Desperately she began to count seats. The auditorium was almost circular, from where she stood there were rows upon rows of plush throne-like chairs dropping down to the central stage; hundreds of them, all occupied, almost all of the pale faces of their occupants turned towards her, eyes gleaming with malice and excitement in the low lighting.

More rustling above her hear drew her eyes up. A second sea of faces were visible above the elaborate moulding fronting the balcony. The faint smiles or sneers on those faces set her breathing racing in short pants.

The smiles grew.

Gemma shut her eyes and reminded herself: twenty-five minutes. All she had to do was prolong this show, keep the Louse and Nick absorbed for less than half-an-hour, so that her wolves could reach their vantage point and set off the diversion. The wolf slaves were never keyed to anyone other than these two.

Her guards turned her back to face the stage.

Disdain!

Slowly, slowly, she was drawn on, paraded down the shallow staircase, precarious on her heels, her breathing accelerating as they approached the stage. The rustling murmur grew, and the scent raked at her as she tried frantically to drag back over herself some stoic aloofness.

She couldn't. Her tremble was continuous now, and she feared she might actually be having a panic attack. Not that she expected any medical assistance around here, if she did.

Her ears were ringing as she fumbled the four short steps up onto the stage, and her guards passed her leashes over to the two ringmasters. Drawn to the centre stage, she was turned to face the audience, the lights thankfully blinding her to the sight of them. However, the scent was worse. And now the audience's lust was augmented by the predatory anticipation of the pair of sharks slowly circling her. She was too vulnerable like this. Nick slipped the tips of two fingers under one of the suspenders which crossed her left buttock, stroking them slowly up and down across the sensitive skin. She couldn't help but tense further.

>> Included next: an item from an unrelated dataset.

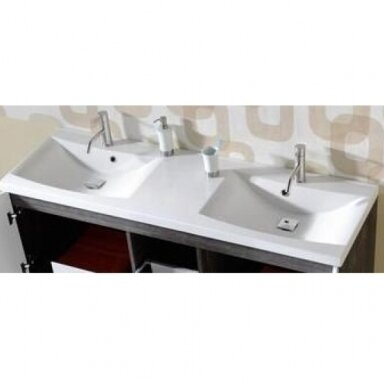 Dvigubas praustuvas Sapho Luciola 120 x 50 cm Dvigubas praustuvas Sapho Luciola 120 x 50 cm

Twenty minutes left? Gemma thought to herself desperately. Surely it's been five minutes since I entered? Her ears twitched to the sound of bitten-off cry of pain from above the balcony, followed by a murmur of wretched pleading slowly fading as the slave was taken away. Ginger's part was working.

Do your bit. For an instant, Gemma managed to steady herself.

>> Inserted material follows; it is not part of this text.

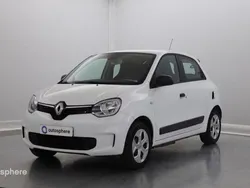 Blanc Utilisé 2022 Renault Twingo Life Citadine | 10 799 € (Bon prix)
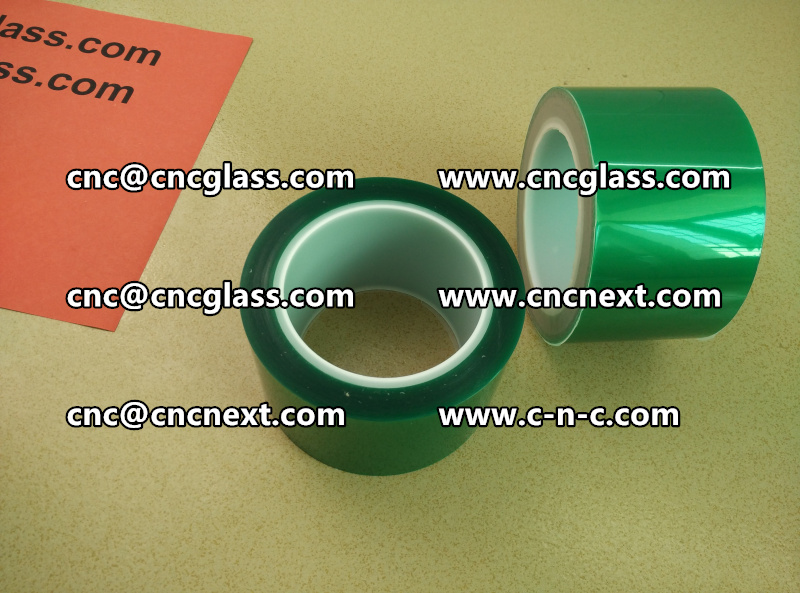 THERMAL GREEN TAPE  for eva glass laminating (1)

Nick pulled the elasticated line of roses out to its full extent, and then released the band to snap back against her tender skin. Both sharks laughed as she flinched slightly, and Nick stepped closer to her side, facing sideways to her front, trailing his taunting fingers along her trembling hip to the next suspender band, stretched tight across the top of her right thigh. Gemma shut her eyes, reaching desperately for some kind of fortitude.

"You didn't really think that we didn't know, did you, little were?" the Louse's musical voice murmured behind her left shoulder, amused. "You didn't really believe that none of your little wolves would betray you?"

The taunt was ignored as Gemma strained to drag her façade of stoicism over her pitiful shivering. The Louse sashayed around her victim's front, trailing the soft strands of the multi-lash whip in her right hand across the heaving breasts, slithering the soft tongues slowly across the black, embroidered corset framing and barely concealing the taut mounds of the wereem's soft, golden skin.

"You don't believe me?" she drawled softly

Still Gemma ignored the Alfamme, furiously pushing her brain elsewhere, counting the seconds silently, wondering how far her assembled pack of her wolves had got, whether they were now slinking silently down to the second-lowest level, as planned, tiptoeing towards freedom.

A key slid into the Argen collar at the back of her neck, clicking it open. Gemma froze, her brain catapulting back to here-and-now and automatically, damned helpfully, filtering meaning from the last two taunts just as Madam the Louse added, "See for yourself," while she lifted the collar away.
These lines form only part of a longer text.